- _SUPPLIED RECORDS_
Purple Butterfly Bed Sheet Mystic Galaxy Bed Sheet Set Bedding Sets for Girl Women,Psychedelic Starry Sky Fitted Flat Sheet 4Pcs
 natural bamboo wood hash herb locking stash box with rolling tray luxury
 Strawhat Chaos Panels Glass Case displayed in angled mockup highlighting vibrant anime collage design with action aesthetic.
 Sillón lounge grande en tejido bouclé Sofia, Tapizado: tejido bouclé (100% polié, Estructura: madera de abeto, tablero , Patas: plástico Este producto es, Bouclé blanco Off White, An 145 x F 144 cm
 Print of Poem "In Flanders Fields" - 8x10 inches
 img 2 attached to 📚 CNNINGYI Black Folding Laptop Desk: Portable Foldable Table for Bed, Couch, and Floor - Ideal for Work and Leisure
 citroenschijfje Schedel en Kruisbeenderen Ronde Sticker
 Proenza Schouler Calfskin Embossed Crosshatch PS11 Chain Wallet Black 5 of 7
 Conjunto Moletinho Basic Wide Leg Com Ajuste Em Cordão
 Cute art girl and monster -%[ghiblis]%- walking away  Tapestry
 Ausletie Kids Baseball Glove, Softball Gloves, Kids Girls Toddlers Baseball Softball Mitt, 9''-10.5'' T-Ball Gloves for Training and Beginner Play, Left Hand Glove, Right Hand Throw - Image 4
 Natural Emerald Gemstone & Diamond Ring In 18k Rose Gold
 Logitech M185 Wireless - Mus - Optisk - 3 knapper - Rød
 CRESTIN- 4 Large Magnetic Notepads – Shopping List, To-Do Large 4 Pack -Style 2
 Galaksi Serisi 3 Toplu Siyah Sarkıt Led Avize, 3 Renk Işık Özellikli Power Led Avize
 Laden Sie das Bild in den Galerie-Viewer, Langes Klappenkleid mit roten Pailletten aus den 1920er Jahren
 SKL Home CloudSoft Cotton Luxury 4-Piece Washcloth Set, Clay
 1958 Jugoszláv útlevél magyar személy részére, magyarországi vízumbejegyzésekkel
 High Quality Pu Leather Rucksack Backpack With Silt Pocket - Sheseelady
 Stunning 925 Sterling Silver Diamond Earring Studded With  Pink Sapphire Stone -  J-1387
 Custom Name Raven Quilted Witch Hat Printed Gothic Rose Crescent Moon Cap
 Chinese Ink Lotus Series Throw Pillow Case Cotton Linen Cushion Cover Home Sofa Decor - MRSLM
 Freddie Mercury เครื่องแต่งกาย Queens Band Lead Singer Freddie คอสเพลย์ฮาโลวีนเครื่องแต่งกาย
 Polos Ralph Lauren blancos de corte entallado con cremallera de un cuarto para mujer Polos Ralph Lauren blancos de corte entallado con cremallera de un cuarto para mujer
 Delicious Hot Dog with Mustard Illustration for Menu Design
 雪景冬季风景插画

- _WHAT NEEDS TO BE DONE_
If a line of the entries holds the word "Throw", copy it out.

- _RESULT FOR THIS EXERCISE_
 Ausletie Kids Baseball Glove, Softball Gloves, Kids Girls Toddlers Baseball Softball Mitt, 9''-10.5'' T-Ball Gloves for Training and Beginner Play, Left Hand Glove, Right Hand Throw - Image 4
 Chinese Ink Lotus Series Throw Pillow Case Cotton Linen Cushion Cover Home Sofa Decor - MRSLM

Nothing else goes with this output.